:: Extracted records
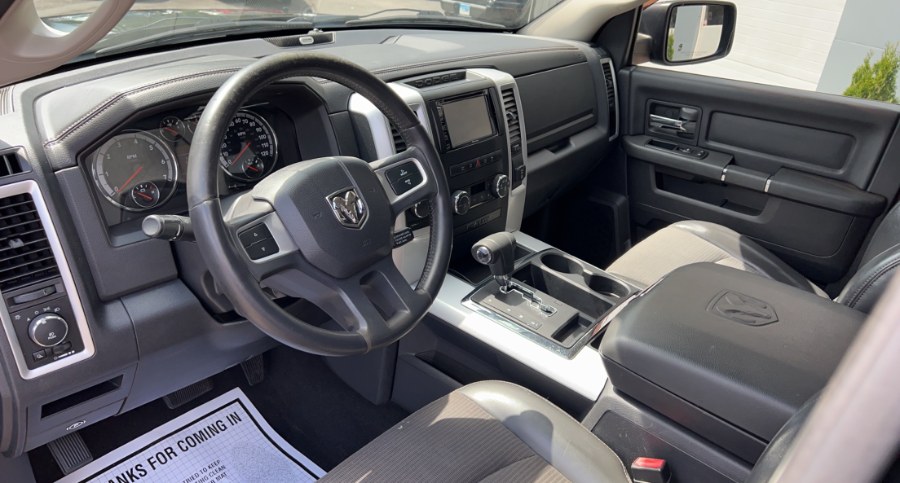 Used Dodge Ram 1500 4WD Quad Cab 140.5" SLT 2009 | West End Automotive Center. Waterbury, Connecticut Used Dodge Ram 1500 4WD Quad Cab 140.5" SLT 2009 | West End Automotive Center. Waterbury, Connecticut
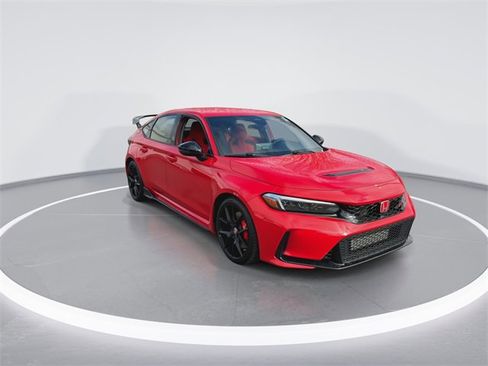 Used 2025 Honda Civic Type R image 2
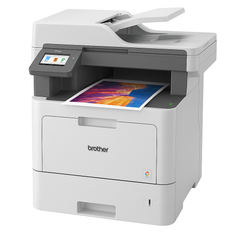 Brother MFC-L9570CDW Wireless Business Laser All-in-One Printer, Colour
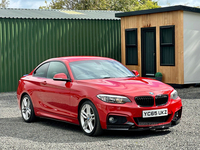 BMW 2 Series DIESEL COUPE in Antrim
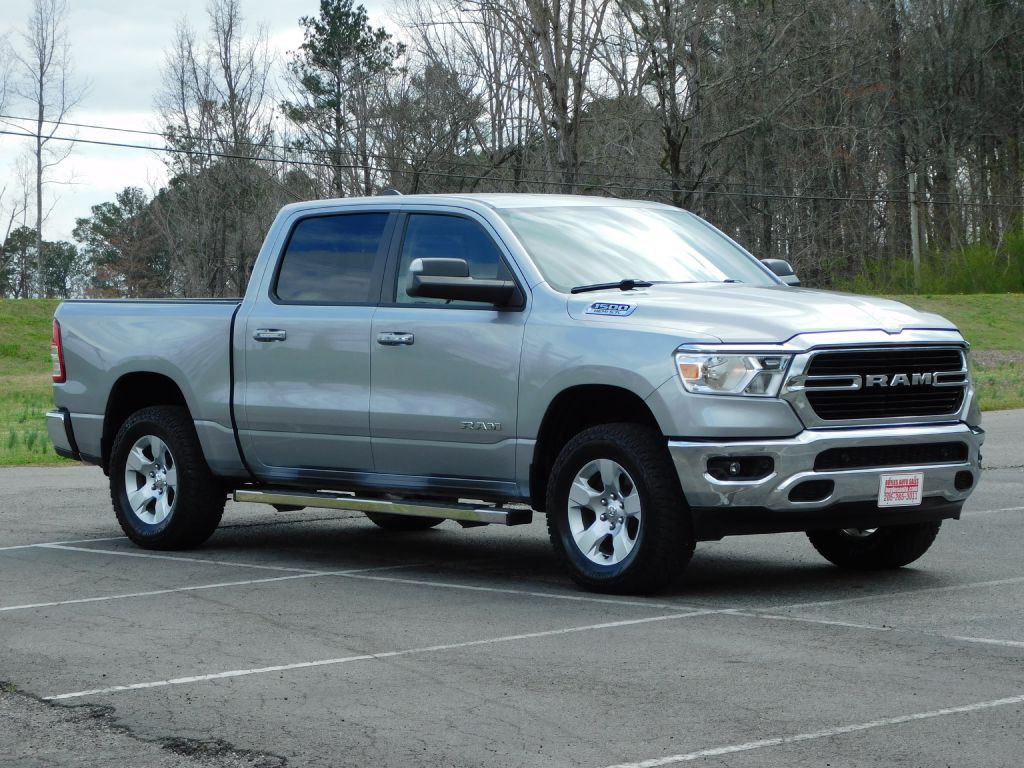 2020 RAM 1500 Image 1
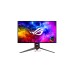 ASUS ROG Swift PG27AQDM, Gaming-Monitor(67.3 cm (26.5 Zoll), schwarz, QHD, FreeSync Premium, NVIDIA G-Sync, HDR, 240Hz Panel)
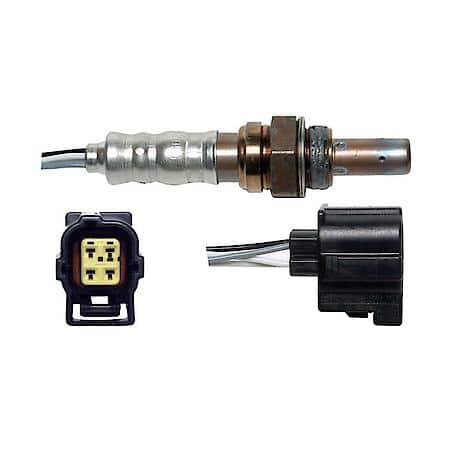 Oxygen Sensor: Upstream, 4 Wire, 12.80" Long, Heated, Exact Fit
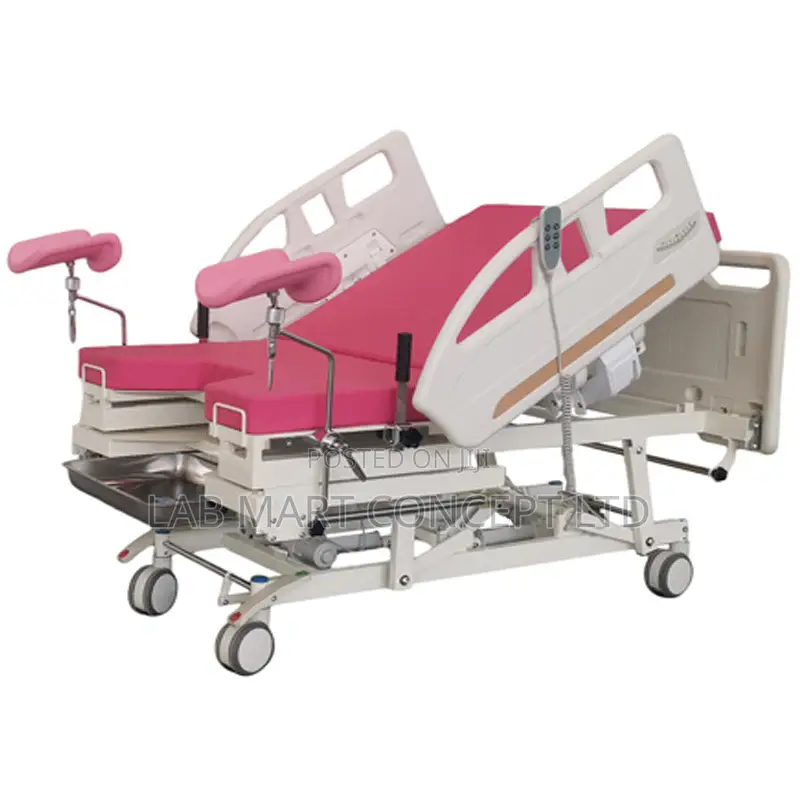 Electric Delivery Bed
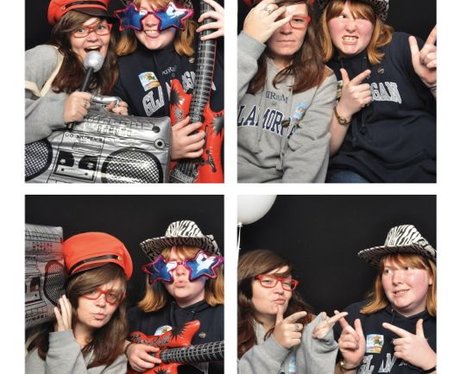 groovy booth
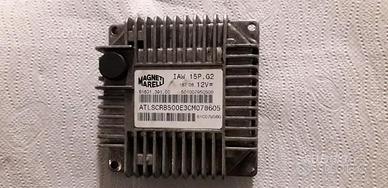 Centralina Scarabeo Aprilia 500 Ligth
::::
:: Extracted records
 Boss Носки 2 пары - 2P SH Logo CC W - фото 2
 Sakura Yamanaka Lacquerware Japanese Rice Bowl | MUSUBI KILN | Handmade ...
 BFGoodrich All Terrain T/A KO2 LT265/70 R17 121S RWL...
::::
**Exercise requirements**:
Above, find the line with "Waterbury, Connecticut Used"; copy it and every line down to the line with "Used 2025 Honda Civic Type R image 2", exactly and both included, but no pictures.

**Output below**:
 Used Dodge Ram 1500 4WD Quad Cab 140.5" SLT 2009 | West End Automotive Center. Waterbury, Connecticut Used Dodge Ram 1500 4WD Quad Cab 140.5" SLT 2009 | West End Automotive Center. Waterbury, Connecticut
 Used 2025 Honda Civic Type R image 2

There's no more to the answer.